第19話
二人の前をまた商人の隊列が通り過ぎた。ケシュラは豊かな国で、毎日こうして商人たちがやってくるのだ。彼らは荷馬車やロバなどで商品を運ぶ。旅の途中、盗賊に襲われる危険があるためか、用心棒がついているらしい。武器を持ったい厳つい男が、鋭い目つきでヤマトたちを一瞥した。
「わたしたちはいつ、ソンシに追いつくのだ?」
「まだ旅は始まったばかりですよ。この先に何があるかは分かりません。さあ、もう出発しましょうか。先は長いですから」
ヤマトはそう言うと立ち上がり、歩き始めた。
「わたしを置いて行くな」
王子はあわててヤマトのあとを追った。
「お前は疲れないのか?」
「ええ、まだ歩き始めたばかりですから。シュリ様、これくらいで疲れていては旅ができませんよ。どこかで馬でも手に入れましょうか?」
「そうしたいな。けれど、宿場町で手に入るものだろうか?」
王子は情けない声でそう言った。身長はヤマトより大きいのに、もうすでに音を上げているとは頼りない。胸を張って意気揚々と歩くヤマトとは対照的に、王子はとぼとぼと歩く。はたから見れば、ヤマトが主でその後ろを行く王子が従者のように見える。王子は目立たないように平民の服装をしているものだからなおさらだ。道は長く続いた。そろそろ日が傾き始めたころ、道の先には建造物が見えてきた。あれが宿場町だろうか?
「おお、やっとここまで来たか。あともう少しだな」
王子がそう言ってから宿場町に着くまで、さらに一時間かかった。もう日は西の地平線に半分隠れていた。
「宿を探しましょう」
ヤマトはそう言うと、宿屋の看板が下がっている戸口へと足を速めた。
「すみません、今晩泊めていただきたいのですが」
宿屋のおかみさんが戸口まで出て来て、二人をじろりと見た。
「あんたら、金は持ってるんだろうね?」
二人が子供だと知ると、疑るようにそう言った。
「金ならある」
王子はおかみさんの言い方に少々腹を立てたようにぶっきらぼうに答えた。
「なら、先払いだよ。二人分で二千ジーニだ。食事付きなら二人で三千ジーニ」
ジーニというのはどうやらこの世界の通貨らしい。王子は使い古した麻袋から、一枚の金貨を取り出しおかみさんに渡した。彼女は意外なものを見たような顔をして、それを表裏と返して見た。

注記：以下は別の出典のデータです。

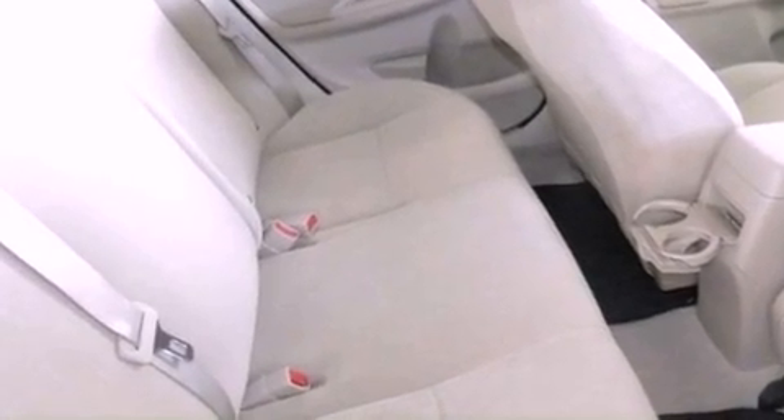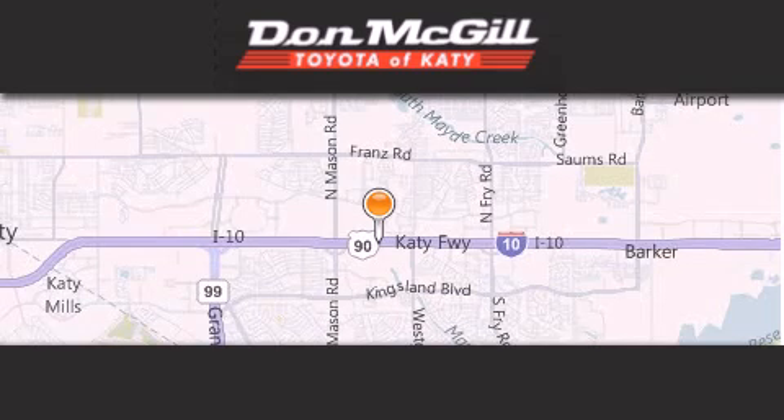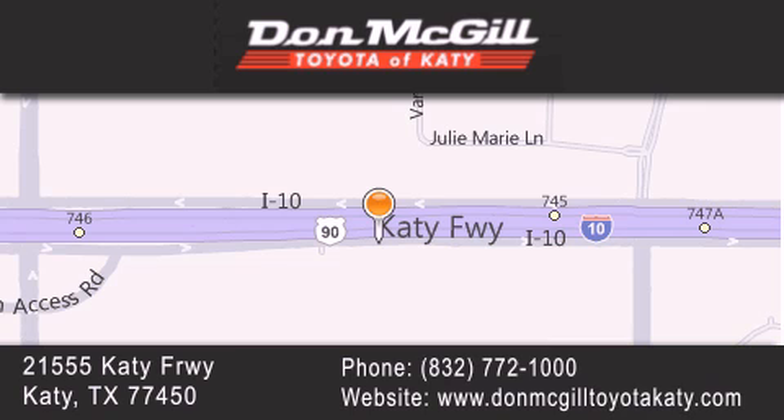We hope you found this video informative. Please contact us today. Don McGill Toyota of Katy is located at 2155 Katy Freeway in Katy. Our goal is to exceed all of your expectations to ensure that you'll return for future visits. Thank you.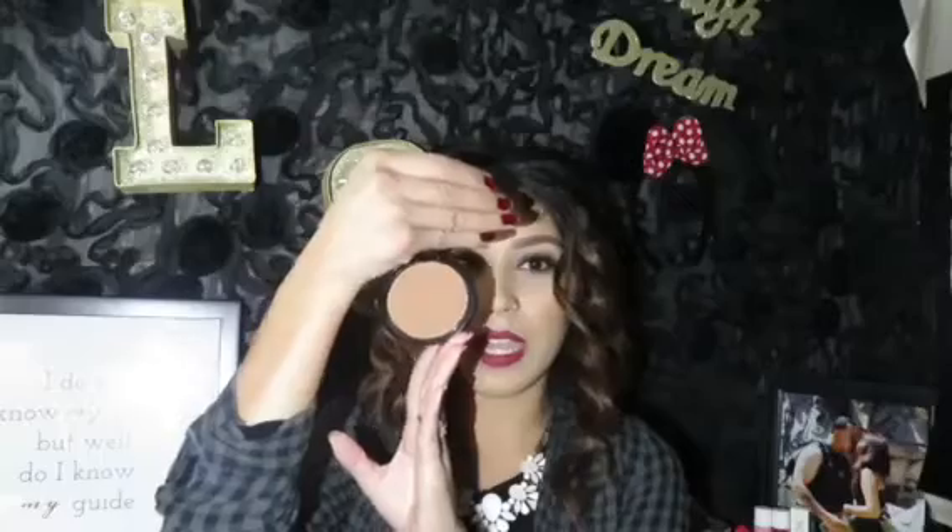Next product is the NYX Matte Bronzer in Deep Tan. This bronzer does look a little dark and a little goes a long way, but I fell in love with it because it bronzes my face really nicely and doesn't wash off within a couple of hours like other drugstore bronzers do. If I had to choose a drugstore bronzer, it would be this NYX one. It runs $7 and I buy all my NYX products at Ulta — Target is a little more expensive.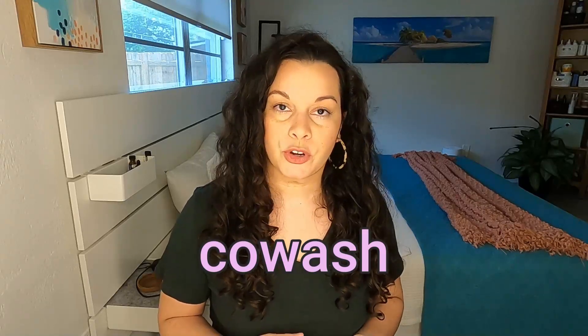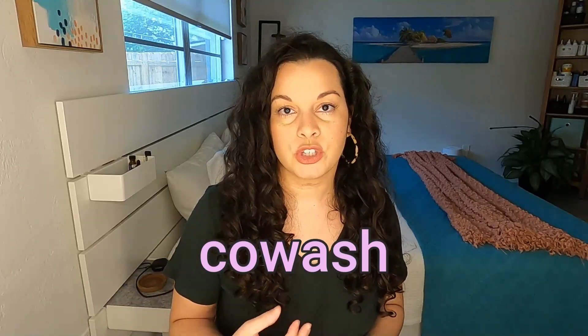Co-wash was really popularized with the curly girl method and it involves using a cleansing conditioner. A lot of people use regular conditioner to co-wash, so you're basically skipping shampoo altogether. I do not recommend this for like 99% of people. There are very few people that can get away with using a co-wash all the time. Most people need shampoo — like a regular shampoo, not a cleansing conditioner, not a co-wash.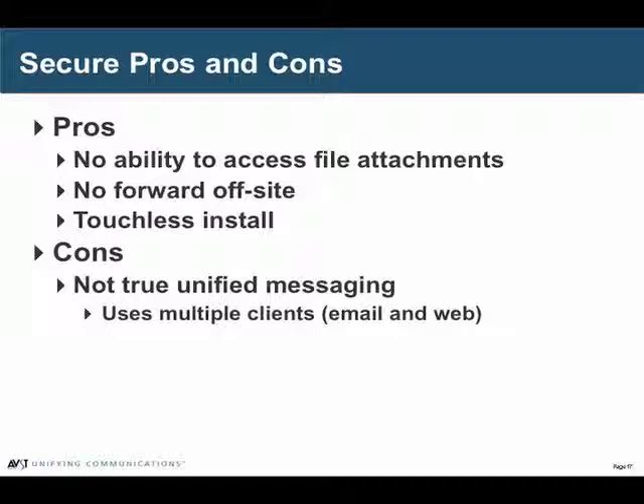All three types of UM — server-based, client-based, and secure — are available on Call Express. You don't buy them separately; you simply buy a license for users. The administrator can configure those users for any of those three types and change them any time they want. You're not locking yourself into any architecture when you buy Call Express. Those three types are completely interchangeable and can be changed as many times as you want just by clicking a button. They can be assigned on a per-user basis or on a per class of service basis.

「あんたら、これをどこで手に入れたんだね。これはケシュラの金貨だ。こんな価値のあるものを何であんたらみたいな子供が持っているんだ」
「僕らはケシュラから来たのです。ケシュラ国民ですから」
「ほう。それでこの宿場町に何しに来たんだ?」
「答える必要などないだろう。わたしたちは客だ」
王子がそう言って、おかみさんの詮索をやめさせた。彼女はそのあとぶつぶつ言いながらお釣りを数え、ヤマトに手渡した。王子の偉そうな態度に腹が立ったらしい。子供のくせに、そうつぶやくのが聞こえた。